Listeners of NPR’s November 9th Fresh Air program got to experience a Bitcoin-themed episode, as host Terry Gross picked the brain of Digital Gold author, New York Times contributor and bona fide Bitcoin historian Nathaniel Popper.
Bitcoin, the blockchain and Digital Gold, my book on the history of it all, finally got the Fresh Air treatment with Terry Gross – and what a fun conversation it was https://t.co/M4DcgHMbDx
— Nathaniel Popper (@nathanielpopper) November 9, 2017
Popper jumped right in, noting that the most interesting part of the Bitcoin craze to him was the decentralizing, democratizing zeitgeist that underpins the community.
“It’s not just a new kind of software or a new kind of money. It is essentially a social movement.”
“[This came] right in the heart of the financial crisis. And there was a lot of distrust of both Wall Street and the big banks, but also of central banks. And here [BTC] was introduced as a new form of money that could exist independent of all of these institutions that people were so skeptical of.”
The author’s implication was that Bitcoin seemingly marks yet another major page turned in human civilization’s steady, start-and-stop trend towards democratization.
Popper’s Interesting Counterargument Against the Bitcoin ‘Bubble’
While the NYT columnist admitted that a “reckoning” could be in store for the crypto space in the way FUDsters like Jamie Dimon suggest, he also pointed out a compelling counter-argument that many mainstream pundits fail to comprehend.
It’s all about scarcity, per Popper:
“The counter-argument is that this is the first time that we’ve had a scarce digital resource […] one of the things that Bitcoin did through this weird, complicated system of incentives is, it created a scarce digital asset for the first time.
“So a lot of people think about this now as something like digital gold. You know, this is a place where you can keep your money because there’s only going to be so many of them, and the system works, and it’s in some ways better than gold because, you know, gold, you can’t carry across a border secretly.”
His point here is that understanding the Bitcoin movement through the lens of a traditional speculative bubble model could be incongruous — like trying to force a circular peg into a square slot — because the world’s never seen anything like cryptocurrencies before.
Bullish investors in the community certainly agree with this counterargument.
For Professional Reasons, Popper’s No BTC Investor Himself
Toward the close of Popper’s Fresh Air interview, he talked about not being able to own bitcoins himself.
It’s not that he doesn’t believe in the technology — far from it.

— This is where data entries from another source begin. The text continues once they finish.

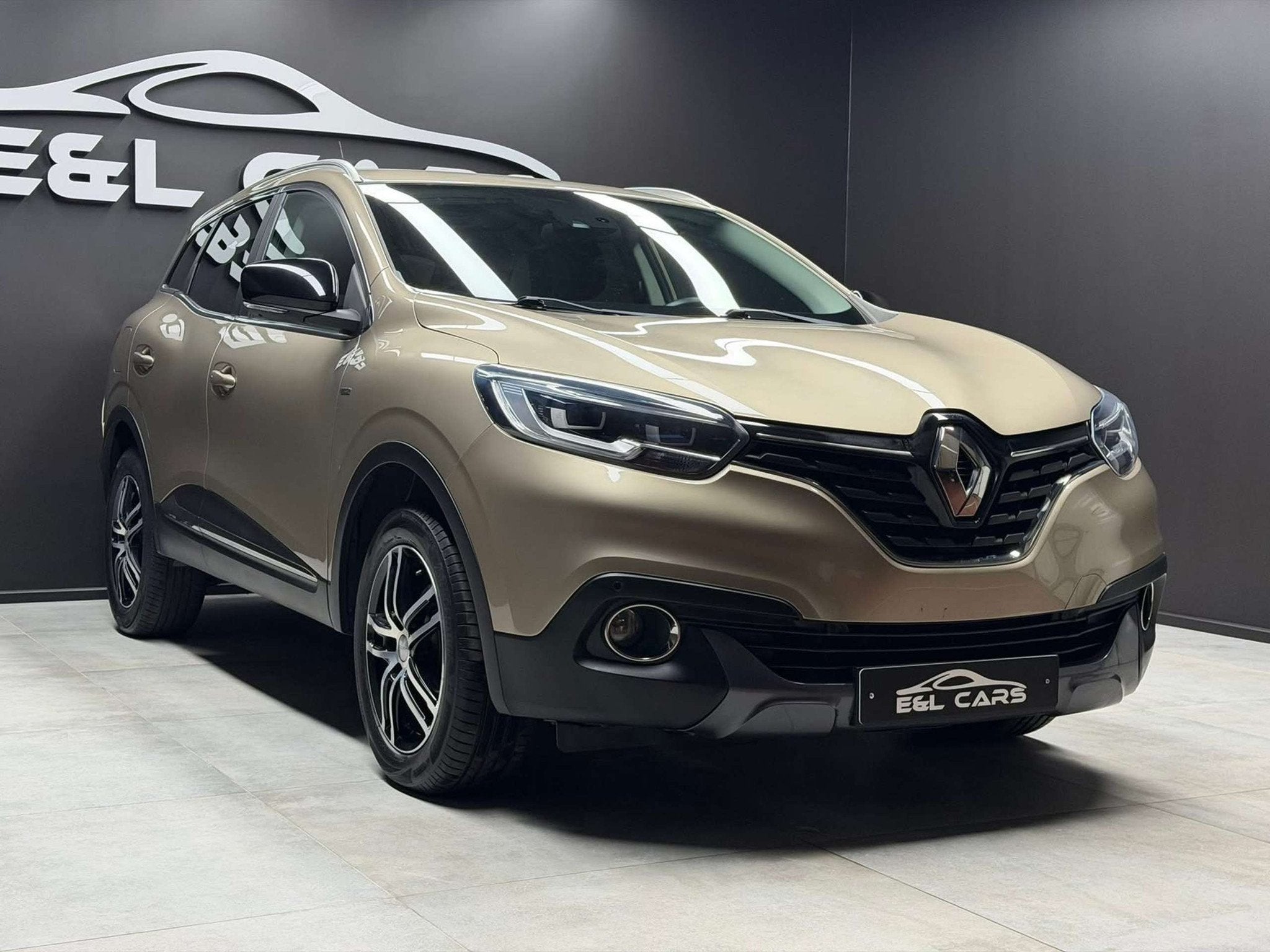 Renault Kadjar Kadjar 1.6 dCi Bose Edition *Garantie 12 mois, Auto's, Kadjar, Gebruikt, 4 cilinders, Bi-Xenon koplampen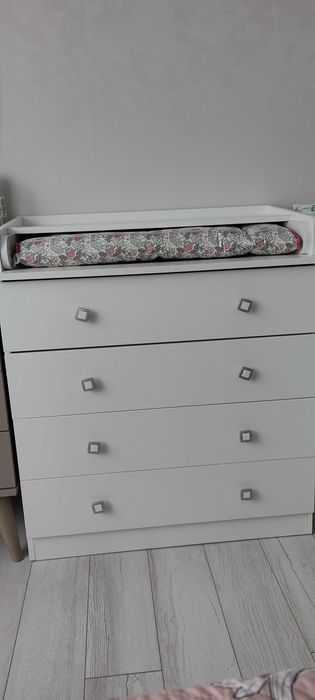 Пеленальный столик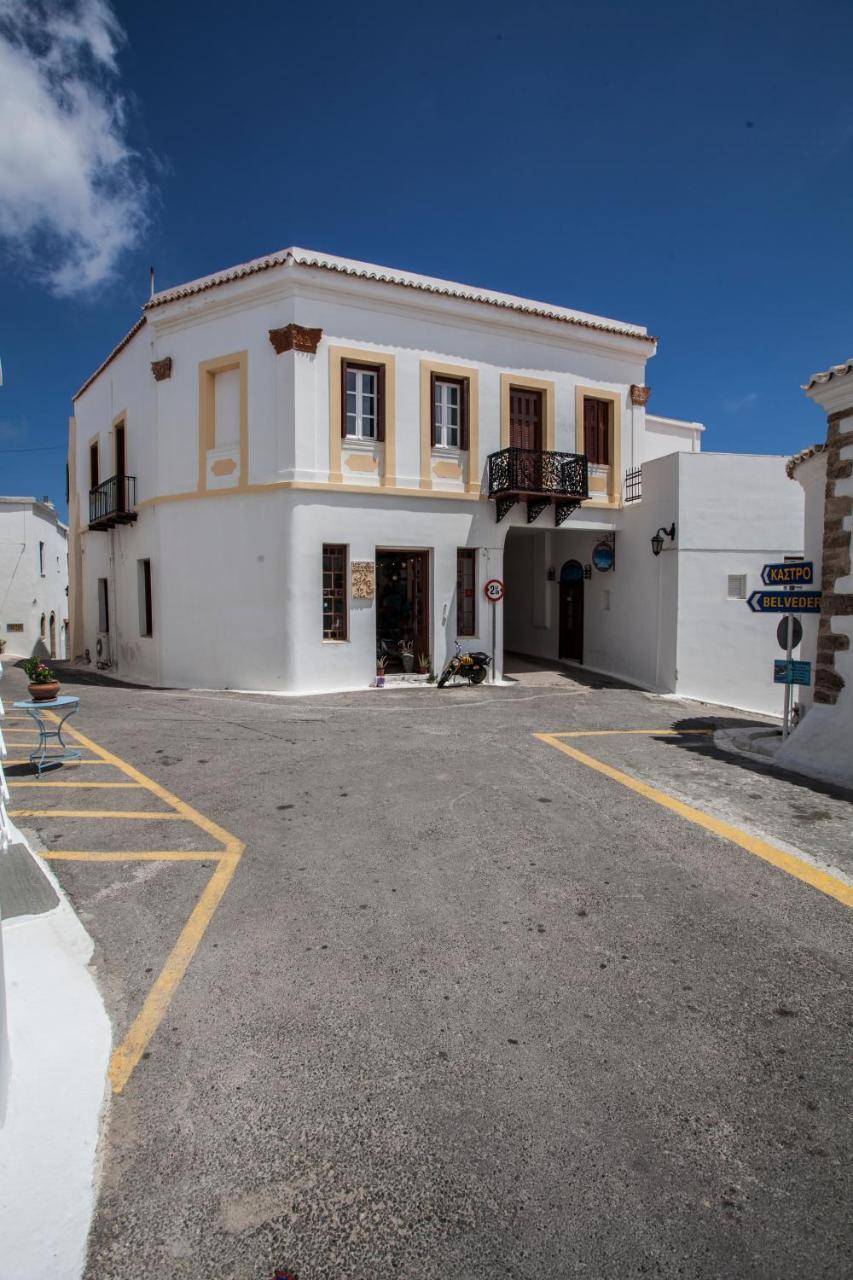 Nostos Guesthouse Kythira Town Exterior photo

Instead, it’s because he and the Times are trying to avoid running afoul of any conflicts of interest as Popper covers cryptocurrency topics for them:
“Our take at the New York Times has basically been, I can have enough to play with and understand it. And I think the understanding has generally been that, you know, those bitcoins essentially belong to the New York Times so that I don’t get any big ideas.”
Very respectable, we think.
Though with bitcoin prices routinely hitting new heights, we also suspect in his heart of hearts Popper wishes he had more than a few.